Secured financings, including revolving credit and other facilities, are collateralized by assets, consisting primarily of aircraft, engines, simulators, airport gate leasehold rights, route authorities, airport slots, certain receivables, certain intellectual property and certain loyalty program assets.
At December 31, 2025, the maturities of long-term debt are as follows (in millions):
2026$3,641 
20274,455 
20287,324 
20294,045 
2030730 
2031 and thereafter4,653 
Total$24,848 
(a) 2013, 2014 and 2023 Credit Facilities
2013 Credit Facilities
The Amended and Restated Credit and Guaranty Agreement dated as of May 21, 2015, as amended (the 2013 Credit Agreement), includes a revolving credit facility (the 2013 Revolving Facility) and term loan facility (the 2013 Term Loan Facility), collectively referred to as the 2013 Credit Facilities. The 2013 Term Loan Facility matures in February 2028 and bears interest at a base rate (subject to a floor of 1.00%) plus an applicable margin of 1.25% per annum or, at American’s option, the SOFR rate for a tenor of one, three or six months, depending on the interest period selected by American (subject to a floor of 0.00%), plus an applicable margin of 2.25% per annum. SOFR borrowings under the 2013 Term Loan Facility are not subject to a credit spread adjustment. As of December 31, 2025, the margin elected was 2.25% per annum.

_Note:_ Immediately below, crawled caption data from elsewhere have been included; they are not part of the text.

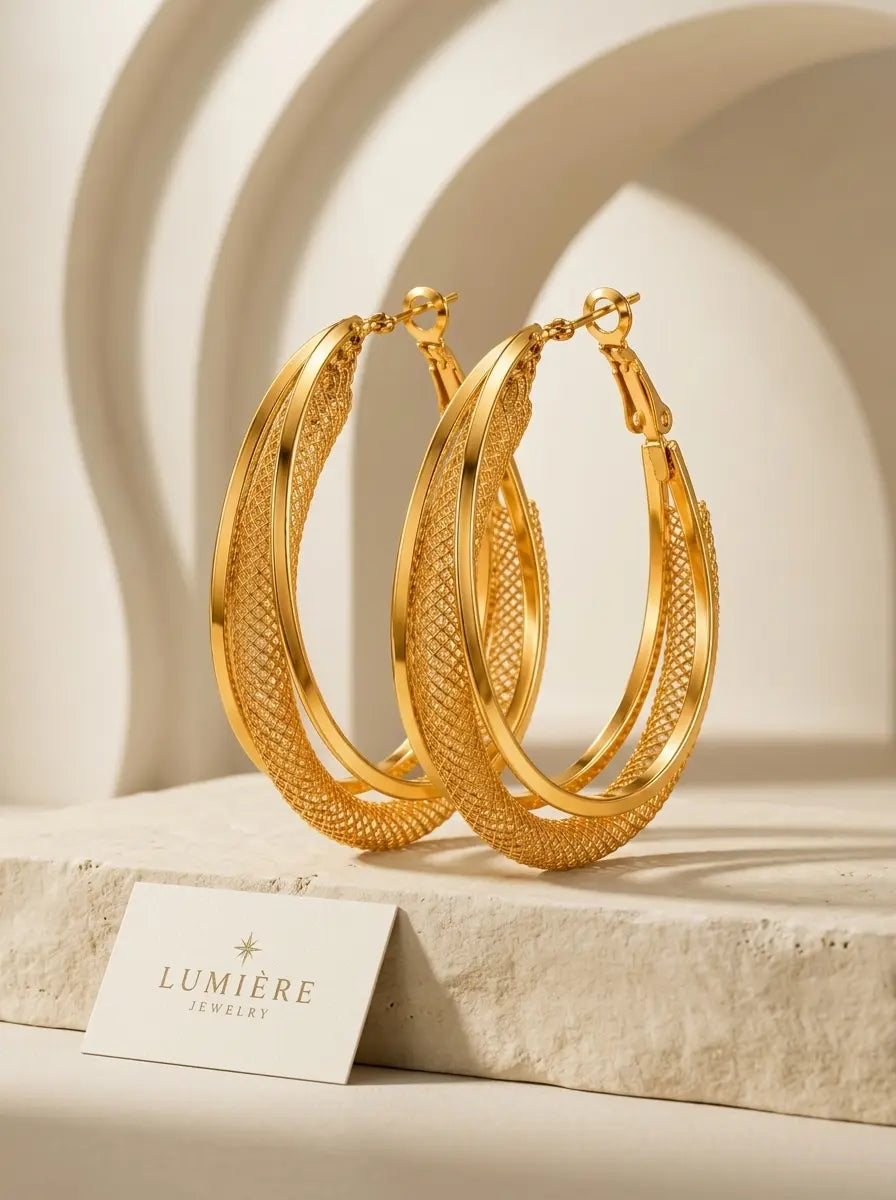 Torsade Hoop · Gold / Silver / Rose Gold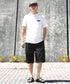 ベーシックコットンプリントTシャツ │流行 コットン100% 綿100% 都会的 ホワイト ブラック ブラウン グリーン 白 黒 カジュアル シンプル 大人 万能 古着風 春服 夏服 春夏 20代 30代 40代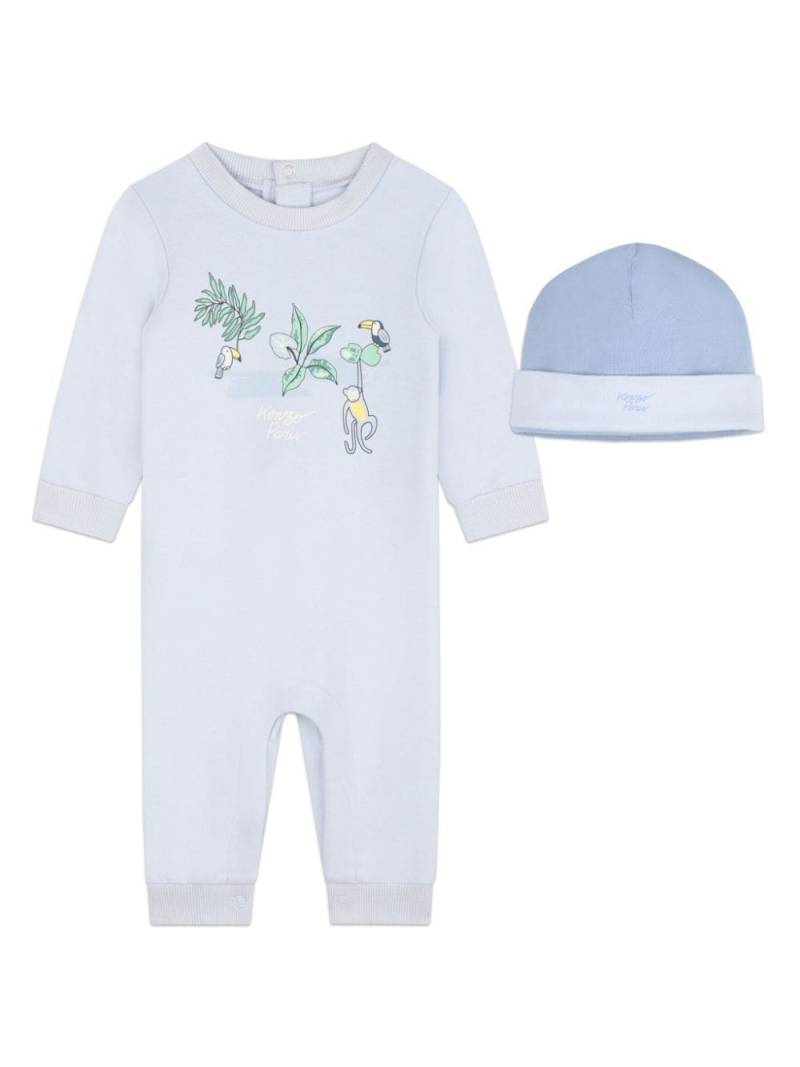 Kenzo Kids organic cotton jumpsuit set - Blue von Kenzo Kids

The 2013 Revolving Facility matures in June 2029 and bears interest at a base rate (subject to a floor of 1.00%) plus an applicable margin of 2.00%, 2.25% or 2.50%, depending on AAG’s public corporate credit rating, or, at American’s option, the SOFR rate for a tenor of one, three or six months, depending on the interest period selected by American (subject to a floor of 0.00%), plus an applicable margin of 3.00%, 3.25% or 3.50%, depending on AAG’s public corporate credit rating. SOFR borrowings under the 2013 Revolving Facility are not subject to a credit spread adjustment. The 2013 Revolving Facility has aggregate commitments of $519 million, with the ability to issue letters of credit up to an aggregate amount of $100 million. As of December 31, 2025, there were no borrowings or letters of credit outstanding under the 2013 Revolving Facility.
2014 Credit Facilities
The Amended and Restated Credit and Guaranty Agreement, dated as of April 20, 2015, as amended (the 2014 Credit Agreement), includes a revolving credit facility (the 2014 Revolving Facility) and term loan facility (the 2014 Term Loan Facility), collectively referred to as the 2014 Credit Facilities. The 2014 Term Loan Facility matures in January 2027 and bears interest at a base rate (subject to a floor of 1.00%) plus an applicable margin of 0.75% or, at American’s option, the SOFR rate for a tenor of one, three or six months, depending on the interest period selected by American, plus the SOFR adjustment applicable to such interest period (with such SOFR rate plus SOFR adjustment being subject to a floor of 0.00%) plus an applicable margin of 1.75%. As of December 31, 2025, the margin elected was 1.75% per annum.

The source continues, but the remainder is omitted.